(Dataset excerpts)
^^^^^^^^

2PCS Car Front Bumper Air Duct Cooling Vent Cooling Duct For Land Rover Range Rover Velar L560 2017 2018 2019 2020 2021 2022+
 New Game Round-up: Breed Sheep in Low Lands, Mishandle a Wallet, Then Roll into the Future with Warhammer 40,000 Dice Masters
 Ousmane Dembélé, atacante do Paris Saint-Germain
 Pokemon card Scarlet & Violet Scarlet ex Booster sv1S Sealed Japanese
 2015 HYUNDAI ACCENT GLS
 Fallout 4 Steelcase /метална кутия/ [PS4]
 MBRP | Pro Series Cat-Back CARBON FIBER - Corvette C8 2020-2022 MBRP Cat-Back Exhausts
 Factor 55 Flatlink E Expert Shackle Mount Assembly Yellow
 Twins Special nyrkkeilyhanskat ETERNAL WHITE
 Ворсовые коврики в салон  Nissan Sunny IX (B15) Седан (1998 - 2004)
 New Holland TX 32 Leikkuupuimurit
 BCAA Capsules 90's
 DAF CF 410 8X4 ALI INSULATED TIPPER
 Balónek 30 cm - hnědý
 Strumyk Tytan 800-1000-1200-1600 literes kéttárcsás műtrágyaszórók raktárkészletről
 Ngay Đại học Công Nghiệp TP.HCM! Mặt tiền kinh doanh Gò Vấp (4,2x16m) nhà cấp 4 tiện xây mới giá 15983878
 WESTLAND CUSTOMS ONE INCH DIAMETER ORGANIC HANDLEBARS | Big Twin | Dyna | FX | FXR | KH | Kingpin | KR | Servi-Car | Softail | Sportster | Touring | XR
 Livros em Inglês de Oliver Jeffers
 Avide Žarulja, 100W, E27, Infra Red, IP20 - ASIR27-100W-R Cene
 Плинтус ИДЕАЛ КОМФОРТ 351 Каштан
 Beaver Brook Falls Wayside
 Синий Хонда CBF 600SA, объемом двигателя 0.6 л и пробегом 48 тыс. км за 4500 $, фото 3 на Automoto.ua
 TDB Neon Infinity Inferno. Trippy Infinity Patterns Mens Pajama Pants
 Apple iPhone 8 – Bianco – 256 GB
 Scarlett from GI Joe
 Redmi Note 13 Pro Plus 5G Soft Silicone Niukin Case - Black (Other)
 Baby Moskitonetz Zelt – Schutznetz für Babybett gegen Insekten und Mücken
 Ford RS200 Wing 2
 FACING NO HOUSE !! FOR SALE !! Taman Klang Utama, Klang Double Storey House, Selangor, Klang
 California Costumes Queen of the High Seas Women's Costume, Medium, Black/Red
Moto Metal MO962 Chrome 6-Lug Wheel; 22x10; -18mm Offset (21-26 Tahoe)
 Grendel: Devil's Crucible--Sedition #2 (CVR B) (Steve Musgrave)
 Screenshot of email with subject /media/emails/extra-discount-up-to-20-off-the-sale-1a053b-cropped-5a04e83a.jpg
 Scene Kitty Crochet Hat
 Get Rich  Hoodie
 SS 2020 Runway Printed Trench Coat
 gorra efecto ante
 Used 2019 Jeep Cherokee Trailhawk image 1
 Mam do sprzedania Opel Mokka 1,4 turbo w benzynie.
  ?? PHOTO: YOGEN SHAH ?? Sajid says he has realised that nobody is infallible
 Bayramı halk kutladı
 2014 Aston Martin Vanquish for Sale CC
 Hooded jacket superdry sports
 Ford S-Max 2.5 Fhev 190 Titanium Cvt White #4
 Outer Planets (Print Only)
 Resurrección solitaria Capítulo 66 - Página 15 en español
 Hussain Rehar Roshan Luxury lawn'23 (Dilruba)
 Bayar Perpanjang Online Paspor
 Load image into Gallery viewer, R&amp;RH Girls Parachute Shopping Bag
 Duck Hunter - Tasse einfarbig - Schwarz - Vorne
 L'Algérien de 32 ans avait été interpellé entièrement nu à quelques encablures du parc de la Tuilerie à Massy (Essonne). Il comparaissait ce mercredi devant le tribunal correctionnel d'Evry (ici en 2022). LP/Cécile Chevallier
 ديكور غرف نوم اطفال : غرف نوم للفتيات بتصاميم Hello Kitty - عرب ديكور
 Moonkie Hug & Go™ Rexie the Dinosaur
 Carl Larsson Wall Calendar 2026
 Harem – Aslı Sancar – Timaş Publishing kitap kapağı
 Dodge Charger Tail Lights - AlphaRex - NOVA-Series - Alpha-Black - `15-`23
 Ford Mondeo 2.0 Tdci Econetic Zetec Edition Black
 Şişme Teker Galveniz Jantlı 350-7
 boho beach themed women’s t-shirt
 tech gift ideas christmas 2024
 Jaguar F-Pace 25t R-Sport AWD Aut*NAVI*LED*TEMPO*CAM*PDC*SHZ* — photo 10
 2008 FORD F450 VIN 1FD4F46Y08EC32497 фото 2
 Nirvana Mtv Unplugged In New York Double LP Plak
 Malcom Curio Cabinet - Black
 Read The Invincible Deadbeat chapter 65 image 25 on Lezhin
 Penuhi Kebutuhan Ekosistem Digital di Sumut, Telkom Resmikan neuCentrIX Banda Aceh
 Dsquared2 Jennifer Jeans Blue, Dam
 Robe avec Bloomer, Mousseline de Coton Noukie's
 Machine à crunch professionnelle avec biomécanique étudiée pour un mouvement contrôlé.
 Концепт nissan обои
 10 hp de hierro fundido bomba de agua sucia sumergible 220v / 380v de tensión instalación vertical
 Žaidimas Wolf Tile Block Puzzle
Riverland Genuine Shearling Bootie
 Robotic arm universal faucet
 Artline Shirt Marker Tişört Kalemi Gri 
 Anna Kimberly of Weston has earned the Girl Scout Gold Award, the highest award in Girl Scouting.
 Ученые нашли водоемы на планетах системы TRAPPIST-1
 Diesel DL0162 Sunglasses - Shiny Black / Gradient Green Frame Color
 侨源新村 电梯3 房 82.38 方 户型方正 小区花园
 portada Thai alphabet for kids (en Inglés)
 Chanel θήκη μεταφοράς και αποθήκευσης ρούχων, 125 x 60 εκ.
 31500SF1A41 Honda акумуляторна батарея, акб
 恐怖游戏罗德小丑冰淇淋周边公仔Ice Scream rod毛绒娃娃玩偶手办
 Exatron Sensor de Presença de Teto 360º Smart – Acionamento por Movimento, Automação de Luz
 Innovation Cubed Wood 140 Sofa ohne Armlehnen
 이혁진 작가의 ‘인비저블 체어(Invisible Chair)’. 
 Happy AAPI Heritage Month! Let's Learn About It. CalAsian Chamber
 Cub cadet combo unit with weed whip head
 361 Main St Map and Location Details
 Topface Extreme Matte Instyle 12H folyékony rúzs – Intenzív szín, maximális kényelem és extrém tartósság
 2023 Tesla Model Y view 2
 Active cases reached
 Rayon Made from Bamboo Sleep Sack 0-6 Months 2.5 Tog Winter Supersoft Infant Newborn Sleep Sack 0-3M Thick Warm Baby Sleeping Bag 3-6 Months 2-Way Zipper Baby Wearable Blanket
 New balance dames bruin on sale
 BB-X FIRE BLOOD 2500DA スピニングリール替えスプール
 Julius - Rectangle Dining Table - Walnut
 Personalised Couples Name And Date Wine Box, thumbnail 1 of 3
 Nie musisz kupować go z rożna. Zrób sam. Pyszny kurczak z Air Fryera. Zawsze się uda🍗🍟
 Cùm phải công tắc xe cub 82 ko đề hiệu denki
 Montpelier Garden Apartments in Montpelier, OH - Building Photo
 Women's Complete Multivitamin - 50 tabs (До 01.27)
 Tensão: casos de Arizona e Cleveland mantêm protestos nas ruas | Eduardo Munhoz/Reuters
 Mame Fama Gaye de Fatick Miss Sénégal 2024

^^^^^^^^

(PROBLEM DESCRIPTION): Look above for the line holding "Screenshot of email". Print it and every line after it, exactly, through the line holding "Penuhi Kebutuhan Ekosistem".

(RESPONSE BOX):
 Screenshot of email with subject /media/emails/extra-discount-up-to-20-off-the-sale-1a053b-cropped-5a04e83a.jpg
 Scene Kitty Crochet Hat
 Get Rich  Hoodie
 SS 2020 Runway Printed Trench Coat
 gorra efecto ante
 Used 2019 Jeep Cherokee Trailhawk image 1
 Mam do sprzedania Opel Mokka 1,4 turbo w benzynie.
  ?? PHOTO: YOGEN SHAH ?? Sajid says he has realised that nobody is infallible
 Bayramı halk kutladı
 2014 Aston Martin Vanquish for Sale CC
 Hooded jacket superdry sports
 Ford S-Max 2.5 Fhev 190 Titanium Cvt White #4
 Outer Planets (Print Only)
 Resurrección solitaria Capítulo 66 - Página 15 en español
 Hussain Rehar Roshan Luxury lawn'23 (Dilruba)
 Bayar Perpanjang Online Paspor
 Load image into Gallery viewer, R&amp;RH Girls Parachute Shopping Bag
 Duck Hunter - Tasse einfarbig - Schwarz - Vorne
 L'Algérien de 32 ans avait été interpellé entièrement nu à quelques encablures du parc de la Tuilerie à Massy (Essonne). Il comparaissait ce mercredi devant le tribunal correctionnel d'Evry (ici en 2022). LP/Cécile Chevallier
 ديكور غرف نوم اطفال : غرف نوم للفتيات بتصاميم Hello Kitty - عرب ديكور
 Moonkie Hug & Go™ Rexie the Dinosaur
 Carl Larsson Wall Calendar 2026
 Harem – Aslı Sancar – Timaş Publishing kitap kapağı
 Dodge Charger Tail Lights - AlphaRex - NOVA-Series - Alpha-Black - `15-`23
 Ford Mondeo 2.0 Tdci Econetic Zetec Edition Black
 Şişme Teker Galveniz Jantlı 350-7
 boho beach themed women’s t-shirt
 tech gift ideas christmas 2024
 Jaguar F-Pace 25t R-Sport AWD Aut*NAVI*LED*TEMPO*CAM*PDC*SHZ* — photo 10
 2008 FORD F450 VIN 1FD4F46Y08EC32497 фото 2
 Nirvana Mtv Unplugged In New York Double LP Plak
 Malcom Curio Cabinet - Black
 Read The Invincible Deadbeat chapter 65 image 25 on Lezhin
 Penuhi Kebutuhan Ekosistem Digital di Sumut, Telkom Resmikan neuCentrIX Banda Aceh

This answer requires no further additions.